Andrew Atherstone
Church Society Three decades ago, in January 1984, the Church Society’s theological journal, Churchman, was relaunched under new leadership. At a moment of crisis within the Anglican movement, when confusion reigned about the authority and interpretation of Scripture, some were beginning to ask: ‘ When does neoevangelicalism become simply a new form of the old liberalism?’ (CEN, 6 May 1983).
The Church Society council turned to a young tutor at Oak Hill College, Gerald Lewis Bray, to take a lead as Churchman’s new editor. An expert in patristic theology, with a doctorate from the Sorbonne and a monograph on Tertullian already to his name, Bray was a rising star in the evangelical firmament. He was determined to bring new vigour to the journal: ‘orthodoxy can and should be held and proclaimed with passion; it should stir the blood of the faint-hearted and awaken new resources of spiritual life which sleep for want of the sound of the trumpet’ (CEN, 6 May 1983).
In his first editorial he laid out Churchman’s theological priorities under his tenure – it was to be clearly evangelical, scholarly, ecclesiastical (speaking ‘to the church’) and evangelistic: ‘ we believe that Bible-based Christianity is as relevant today as it has ever been’.

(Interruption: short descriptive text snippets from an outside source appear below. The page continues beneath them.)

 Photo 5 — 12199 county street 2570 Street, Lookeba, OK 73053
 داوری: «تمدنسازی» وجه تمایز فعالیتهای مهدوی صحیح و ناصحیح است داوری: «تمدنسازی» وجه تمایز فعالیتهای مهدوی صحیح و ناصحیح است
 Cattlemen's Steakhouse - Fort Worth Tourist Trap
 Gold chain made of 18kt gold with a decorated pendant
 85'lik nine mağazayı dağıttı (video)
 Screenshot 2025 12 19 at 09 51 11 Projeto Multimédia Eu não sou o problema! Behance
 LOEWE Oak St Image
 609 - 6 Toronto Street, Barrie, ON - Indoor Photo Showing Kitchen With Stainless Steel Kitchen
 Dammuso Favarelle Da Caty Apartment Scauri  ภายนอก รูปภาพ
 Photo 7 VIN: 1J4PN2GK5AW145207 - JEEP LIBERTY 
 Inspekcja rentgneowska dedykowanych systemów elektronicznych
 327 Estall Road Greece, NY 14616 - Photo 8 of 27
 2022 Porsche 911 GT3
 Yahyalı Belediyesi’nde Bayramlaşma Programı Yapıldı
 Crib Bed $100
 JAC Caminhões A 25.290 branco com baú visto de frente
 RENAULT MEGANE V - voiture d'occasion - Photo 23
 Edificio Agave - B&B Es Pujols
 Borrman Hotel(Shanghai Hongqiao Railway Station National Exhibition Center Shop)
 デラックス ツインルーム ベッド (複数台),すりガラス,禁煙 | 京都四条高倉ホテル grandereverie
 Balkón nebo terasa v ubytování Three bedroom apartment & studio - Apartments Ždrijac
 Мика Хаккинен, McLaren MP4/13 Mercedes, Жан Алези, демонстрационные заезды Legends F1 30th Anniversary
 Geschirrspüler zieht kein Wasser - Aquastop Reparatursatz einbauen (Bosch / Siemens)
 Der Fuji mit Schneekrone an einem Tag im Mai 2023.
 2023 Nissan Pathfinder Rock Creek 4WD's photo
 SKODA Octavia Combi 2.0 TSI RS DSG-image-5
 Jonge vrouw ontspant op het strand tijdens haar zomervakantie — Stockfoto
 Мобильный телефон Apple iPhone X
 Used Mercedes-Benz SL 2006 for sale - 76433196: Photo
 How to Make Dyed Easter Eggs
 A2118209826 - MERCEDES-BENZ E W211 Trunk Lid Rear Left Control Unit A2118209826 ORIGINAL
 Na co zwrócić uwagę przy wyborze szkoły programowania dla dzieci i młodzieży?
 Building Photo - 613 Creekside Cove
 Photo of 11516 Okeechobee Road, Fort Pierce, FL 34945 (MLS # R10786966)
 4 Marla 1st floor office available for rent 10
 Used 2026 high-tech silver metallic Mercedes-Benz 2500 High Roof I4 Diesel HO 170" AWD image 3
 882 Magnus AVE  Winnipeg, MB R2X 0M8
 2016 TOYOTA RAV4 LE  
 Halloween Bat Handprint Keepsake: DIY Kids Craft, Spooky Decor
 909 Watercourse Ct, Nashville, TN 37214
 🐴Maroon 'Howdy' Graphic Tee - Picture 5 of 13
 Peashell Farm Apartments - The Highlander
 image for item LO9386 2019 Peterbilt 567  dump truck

Thirty years on, Gerald Bray is still in harness and has managed to outlast even Sir Alex Ferguson. In the meantime other theological journals have come and gone. Anvil was founded in 1984 to express the views of anyone claiming the title of ‘evangelical’. It survived until its Silver Jubilee in 2009, but subscriptions dwindled: it wobbled and fell, to be revived instead online – instant blogs, like Fulcrum, have stolen its market.